Aim of the exercise:
Search the records for "Decorative". Report every line where it occurs.

━━━━━━━━━━━━━━━━━━━━

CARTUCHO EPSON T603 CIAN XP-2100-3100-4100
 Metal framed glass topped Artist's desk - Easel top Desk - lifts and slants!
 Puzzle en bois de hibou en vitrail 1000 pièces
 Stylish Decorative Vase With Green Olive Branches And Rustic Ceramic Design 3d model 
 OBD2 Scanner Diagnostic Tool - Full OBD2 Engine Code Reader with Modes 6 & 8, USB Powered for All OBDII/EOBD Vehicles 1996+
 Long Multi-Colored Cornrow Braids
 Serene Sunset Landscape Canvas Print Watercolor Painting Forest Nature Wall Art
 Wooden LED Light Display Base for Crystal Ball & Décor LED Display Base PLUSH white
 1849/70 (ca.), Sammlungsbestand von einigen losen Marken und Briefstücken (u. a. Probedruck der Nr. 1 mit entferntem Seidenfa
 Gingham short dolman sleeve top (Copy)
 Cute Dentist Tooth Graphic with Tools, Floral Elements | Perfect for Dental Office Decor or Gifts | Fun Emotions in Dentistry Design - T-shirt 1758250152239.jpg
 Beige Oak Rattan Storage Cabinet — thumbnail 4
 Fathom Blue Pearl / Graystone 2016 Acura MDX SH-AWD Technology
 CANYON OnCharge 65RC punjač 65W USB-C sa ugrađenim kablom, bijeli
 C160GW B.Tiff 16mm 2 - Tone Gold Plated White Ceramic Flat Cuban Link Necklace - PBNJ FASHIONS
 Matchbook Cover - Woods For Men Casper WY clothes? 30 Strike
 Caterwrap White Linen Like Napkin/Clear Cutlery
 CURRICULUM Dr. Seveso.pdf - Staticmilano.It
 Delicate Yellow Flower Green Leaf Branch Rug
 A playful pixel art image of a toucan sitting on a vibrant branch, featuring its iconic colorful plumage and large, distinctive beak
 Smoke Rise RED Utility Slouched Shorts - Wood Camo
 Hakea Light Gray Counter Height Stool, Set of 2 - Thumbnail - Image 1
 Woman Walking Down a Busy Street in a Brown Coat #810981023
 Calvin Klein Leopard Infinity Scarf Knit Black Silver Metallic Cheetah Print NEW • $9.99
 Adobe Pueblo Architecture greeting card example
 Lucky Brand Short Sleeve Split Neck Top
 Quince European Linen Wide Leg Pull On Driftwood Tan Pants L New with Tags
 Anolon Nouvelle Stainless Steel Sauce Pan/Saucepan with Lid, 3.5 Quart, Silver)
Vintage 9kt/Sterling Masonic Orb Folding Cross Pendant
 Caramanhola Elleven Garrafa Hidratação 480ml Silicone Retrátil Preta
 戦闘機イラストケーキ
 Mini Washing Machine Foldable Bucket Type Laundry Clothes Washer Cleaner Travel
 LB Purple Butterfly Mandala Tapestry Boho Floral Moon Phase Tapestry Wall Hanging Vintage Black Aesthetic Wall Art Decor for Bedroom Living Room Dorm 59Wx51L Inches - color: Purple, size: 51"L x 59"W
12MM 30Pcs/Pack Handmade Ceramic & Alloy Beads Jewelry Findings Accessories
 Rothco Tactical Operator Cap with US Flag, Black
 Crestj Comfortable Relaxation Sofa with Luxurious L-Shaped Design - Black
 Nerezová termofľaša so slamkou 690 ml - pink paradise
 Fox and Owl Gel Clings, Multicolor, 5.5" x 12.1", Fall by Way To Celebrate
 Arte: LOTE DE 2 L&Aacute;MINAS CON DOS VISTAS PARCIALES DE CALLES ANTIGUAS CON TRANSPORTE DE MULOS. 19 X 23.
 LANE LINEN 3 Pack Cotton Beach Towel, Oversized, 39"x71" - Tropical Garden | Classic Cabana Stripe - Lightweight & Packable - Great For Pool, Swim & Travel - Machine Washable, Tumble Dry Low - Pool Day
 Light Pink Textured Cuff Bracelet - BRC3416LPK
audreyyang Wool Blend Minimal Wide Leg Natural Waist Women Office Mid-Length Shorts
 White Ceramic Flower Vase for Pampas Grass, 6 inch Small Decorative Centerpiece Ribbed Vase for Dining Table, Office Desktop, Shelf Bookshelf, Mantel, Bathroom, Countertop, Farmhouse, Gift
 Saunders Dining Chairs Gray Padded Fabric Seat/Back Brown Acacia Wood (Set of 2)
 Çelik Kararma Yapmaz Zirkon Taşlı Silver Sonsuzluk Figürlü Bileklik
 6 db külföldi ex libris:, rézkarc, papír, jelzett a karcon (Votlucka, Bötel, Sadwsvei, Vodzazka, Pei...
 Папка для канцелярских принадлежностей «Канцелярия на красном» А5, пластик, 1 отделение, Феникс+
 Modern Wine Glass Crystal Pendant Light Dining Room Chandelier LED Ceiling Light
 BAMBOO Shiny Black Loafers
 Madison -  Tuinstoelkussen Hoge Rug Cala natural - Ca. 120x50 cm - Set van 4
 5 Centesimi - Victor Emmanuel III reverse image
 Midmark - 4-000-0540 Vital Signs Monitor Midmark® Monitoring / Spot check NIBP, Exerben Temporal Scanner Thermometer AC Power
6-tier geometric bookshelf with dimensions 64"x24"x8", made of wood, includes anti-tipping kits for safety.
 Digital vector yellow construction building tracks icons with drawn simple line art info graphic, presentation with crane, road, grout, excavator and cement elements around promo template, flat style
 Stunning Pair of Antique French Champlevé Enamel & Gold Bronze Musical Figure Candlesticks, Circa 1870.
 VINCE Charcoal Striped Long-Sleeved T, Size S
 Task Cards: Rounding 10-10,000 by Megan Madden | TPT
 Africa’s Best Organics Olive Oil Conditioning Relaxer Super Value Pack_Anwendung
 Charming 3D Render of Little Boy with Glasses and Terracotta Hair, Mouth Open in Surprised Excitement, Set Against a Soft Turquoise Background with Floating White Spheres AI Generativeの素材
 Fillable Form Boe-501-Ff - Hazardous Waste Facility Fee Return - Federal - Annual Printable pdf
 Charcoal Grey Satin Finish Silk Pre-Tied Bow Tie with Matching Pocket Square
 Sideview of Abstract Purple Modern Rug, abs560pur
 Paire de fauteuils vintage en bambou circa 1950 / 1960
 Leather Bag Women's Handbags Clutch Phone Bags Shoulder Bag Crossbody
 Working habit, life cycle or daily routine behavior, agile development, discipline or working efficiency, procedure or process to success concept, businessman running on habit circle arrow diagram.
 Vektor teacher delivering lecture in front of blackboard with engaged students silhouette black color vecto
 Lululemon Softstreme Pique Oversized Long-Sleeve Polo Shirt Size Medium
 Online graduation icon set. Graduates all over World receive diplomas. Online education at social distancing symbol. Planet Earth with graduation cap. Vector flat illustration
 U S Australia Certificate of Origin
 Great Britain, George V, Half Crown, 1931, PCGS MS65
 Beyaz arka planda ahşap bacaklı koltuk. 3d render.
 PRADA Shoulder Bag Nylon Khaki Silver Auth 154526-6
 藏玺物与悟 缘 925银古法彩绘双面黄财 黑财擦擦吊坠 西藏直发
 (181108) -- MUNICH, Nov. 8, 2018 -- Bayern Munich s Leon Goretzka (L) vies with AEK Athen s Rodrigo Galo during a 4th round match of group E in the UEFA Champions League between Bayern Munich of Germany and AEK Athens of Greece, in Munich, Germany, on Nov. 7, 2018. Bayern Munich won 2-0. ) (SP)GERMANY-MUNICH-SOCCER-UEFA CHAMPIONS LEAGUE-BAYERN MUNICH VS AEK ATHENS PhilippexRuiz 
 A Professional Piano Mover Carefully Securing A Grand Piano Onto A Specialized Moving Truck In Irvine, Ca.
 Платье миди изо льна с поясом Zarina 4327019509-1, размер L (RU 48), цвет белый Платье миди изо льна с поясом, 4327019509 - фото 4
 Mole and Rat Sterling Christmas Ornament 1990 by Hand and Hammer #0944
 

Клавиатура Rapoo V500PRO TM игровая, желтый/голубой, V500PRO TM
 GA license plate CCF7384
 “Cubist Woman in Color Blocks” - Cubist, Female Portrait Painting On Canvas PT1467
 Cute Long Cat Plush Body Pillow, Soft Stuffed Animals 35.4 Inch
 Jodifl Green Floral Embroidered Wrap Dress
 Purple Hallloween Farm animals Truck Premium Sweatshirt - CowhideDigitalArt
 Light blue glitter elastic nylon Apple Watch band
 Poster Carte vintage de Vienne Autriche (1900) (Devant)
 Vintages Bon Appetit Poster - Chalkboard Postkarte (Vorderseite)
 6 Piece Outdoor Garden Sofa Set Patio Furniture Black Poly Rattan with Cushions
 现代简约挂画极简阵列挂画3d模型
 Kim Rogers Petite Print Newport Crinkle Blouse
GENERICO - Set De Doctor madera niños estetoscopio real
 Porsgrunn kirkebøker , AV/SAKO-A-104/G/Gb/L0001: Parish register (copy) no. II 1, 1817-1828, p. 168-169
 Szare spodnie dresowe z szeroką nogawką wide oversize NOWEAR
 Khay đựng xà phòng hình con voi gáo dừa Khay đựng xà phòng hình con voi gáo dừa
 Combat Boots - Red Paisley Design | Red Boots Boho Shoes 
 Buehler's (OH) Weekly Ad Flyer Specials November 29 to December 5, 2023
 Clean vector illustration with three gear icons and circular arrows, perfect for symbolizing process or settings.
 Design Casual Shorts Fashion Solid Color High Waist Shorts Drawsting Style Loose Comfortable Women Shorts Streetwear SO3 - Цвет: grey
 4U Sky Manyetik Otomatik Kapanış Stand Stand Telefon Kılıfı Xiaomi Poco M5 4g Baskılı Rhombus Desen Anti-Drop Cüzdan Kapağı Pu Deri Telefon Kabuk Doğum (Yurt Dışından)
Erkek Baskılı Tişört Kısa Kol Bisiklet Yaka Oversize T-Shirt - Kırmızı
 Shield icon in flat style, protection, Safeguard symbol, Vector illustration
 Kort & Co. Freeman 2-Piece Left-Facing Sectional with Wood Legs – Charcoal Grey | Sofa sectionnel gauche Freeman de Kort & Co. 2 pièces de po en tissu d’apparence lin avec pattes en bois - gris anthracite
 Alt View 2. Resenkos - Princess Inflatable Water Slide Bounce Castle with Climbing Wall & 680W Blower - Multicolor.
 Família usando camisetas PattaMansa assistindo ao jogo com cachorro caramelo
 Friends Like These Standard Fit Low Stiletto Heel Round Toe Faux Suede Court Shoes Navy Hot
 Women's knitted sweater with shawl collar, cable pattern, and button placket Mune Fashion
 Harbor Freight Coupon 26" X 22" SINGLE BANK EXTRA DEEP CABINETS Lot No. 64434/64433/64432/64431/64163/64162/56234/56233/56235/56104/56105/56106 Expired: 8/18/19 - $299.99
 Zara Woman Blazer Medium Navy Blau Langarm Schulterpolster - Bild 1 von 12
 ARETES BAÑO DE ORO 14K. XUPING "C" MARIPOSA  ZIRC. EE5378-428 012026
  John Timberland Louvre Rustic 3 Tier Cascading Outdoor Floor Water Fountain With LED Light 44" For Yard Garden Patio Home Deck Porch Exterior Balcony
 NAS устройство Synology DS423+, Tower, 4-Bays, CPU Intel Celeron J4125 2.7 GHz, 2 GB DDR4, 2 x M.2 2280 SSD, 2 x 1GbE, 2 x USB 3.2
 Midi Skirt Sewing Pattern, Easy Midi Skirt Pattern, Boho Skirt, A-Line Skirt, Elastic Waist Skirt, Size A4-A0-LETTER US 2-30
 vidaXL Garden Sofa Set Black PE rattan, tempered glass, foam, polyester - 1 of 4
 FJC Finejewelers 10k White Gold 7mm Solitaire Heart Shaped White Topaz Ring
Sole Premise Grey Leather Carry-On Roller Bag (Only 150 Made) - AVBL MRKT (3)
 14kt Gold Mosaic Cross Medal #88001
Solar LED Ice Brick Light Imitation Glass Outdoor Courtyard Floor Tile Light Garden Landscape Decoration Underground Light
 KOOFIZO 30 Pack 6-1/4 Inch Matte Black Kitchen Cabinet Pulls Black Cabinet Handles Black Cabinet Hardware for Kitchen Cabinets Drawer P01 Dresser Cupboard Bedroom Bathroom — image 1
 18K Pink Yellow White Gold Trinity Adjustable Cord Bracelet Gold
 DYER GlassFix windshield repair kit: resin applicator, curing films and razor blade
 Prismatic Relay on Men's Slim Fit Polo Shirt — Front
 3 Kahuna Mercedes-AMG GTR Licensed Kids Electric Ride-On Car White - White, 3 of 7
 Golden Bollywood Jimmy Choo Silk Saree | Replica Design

━━━━━━━━━━━━━━━━━━━━

Output:
 Stylish Decorative Vase With Green Olive Branches And Rustic Ceramic Design 3d model 
 White Ceramic Flower Vase for Pampas Grass, 6 inch Small Decorative Centerpiece Ribbed Vase for Dining Table, Office Desktop, Shelf Bookshelf, Mantel, Bathroom, Countertop, Farmhouse, Gift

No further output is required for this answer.